**INFORMATION SUPPLIED**
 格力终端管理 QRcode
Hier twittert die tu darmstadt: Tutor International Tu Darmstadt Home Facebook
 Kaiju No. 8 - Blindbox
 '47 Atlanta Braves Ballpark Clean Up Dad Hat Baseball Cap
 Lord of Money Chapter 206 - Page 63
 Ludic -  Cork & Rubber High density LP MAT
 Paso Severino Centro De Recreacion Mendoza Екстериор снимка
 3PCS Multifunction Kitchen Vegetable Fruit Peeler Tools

...

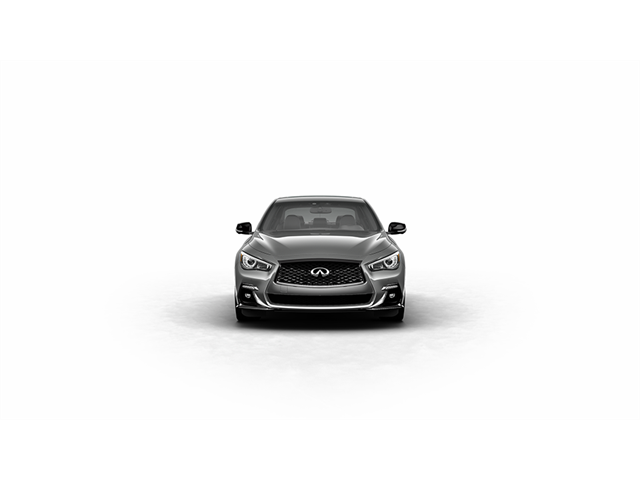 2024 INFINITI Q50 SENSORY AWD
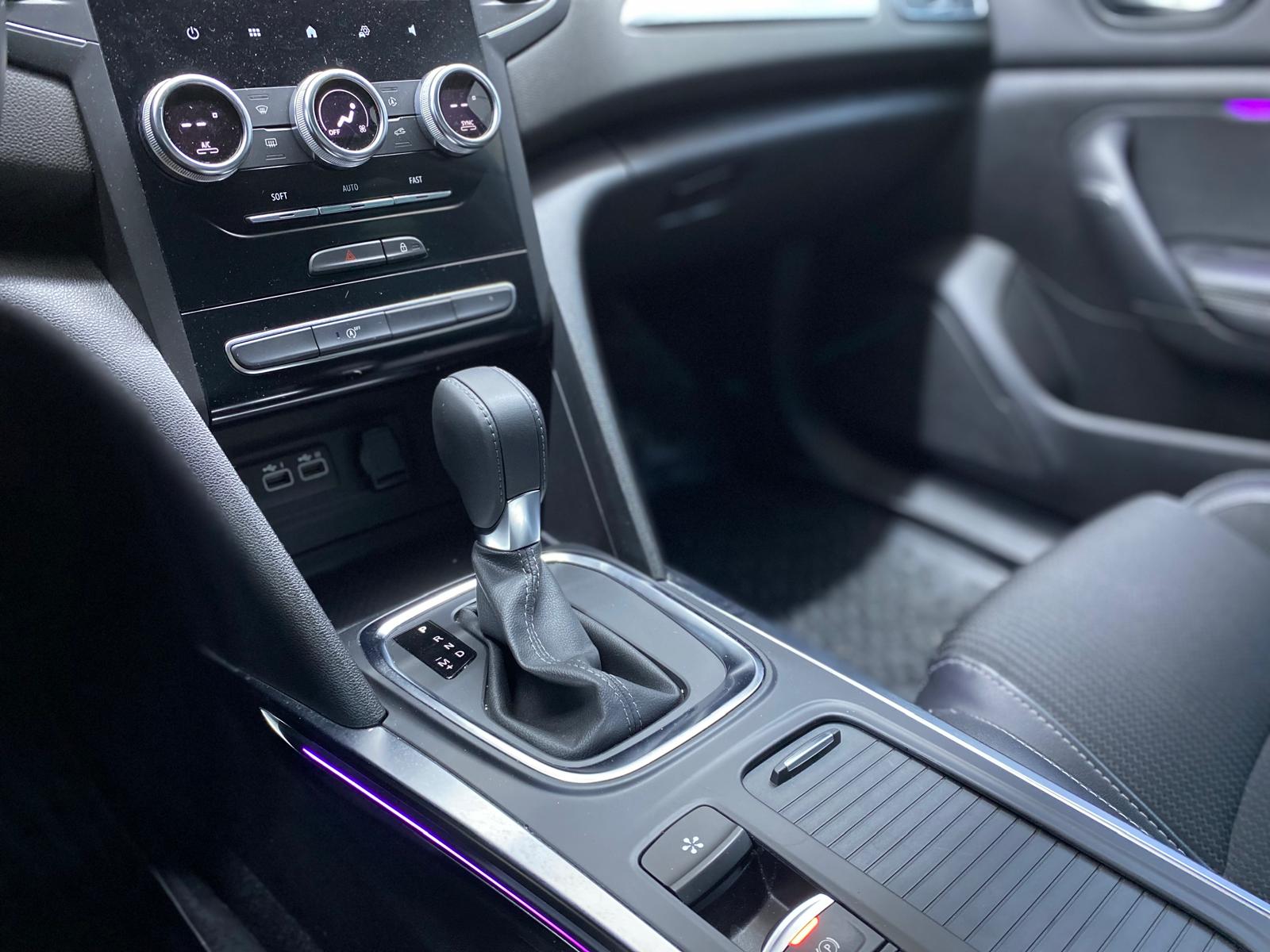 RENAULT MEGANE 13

**EXERCISE**
Of all the entries above, output exactly the lines between the one holding "Lord of Money Chapter 206 - Page 63" and the one holding "3PCS Multifunction Kitchen", inclusive.

**SOLUTION TO THE PROBLEM**
 Lord of Money Chapter 206 - Page 63
 Ludic -  Cork & Rubber High density LP MAT
 Paso Severino Centro De Recreacion Mendoza Екстериор снимка
 3PCS Multifunction Kitchen Vegetable Fruit Peeler Tools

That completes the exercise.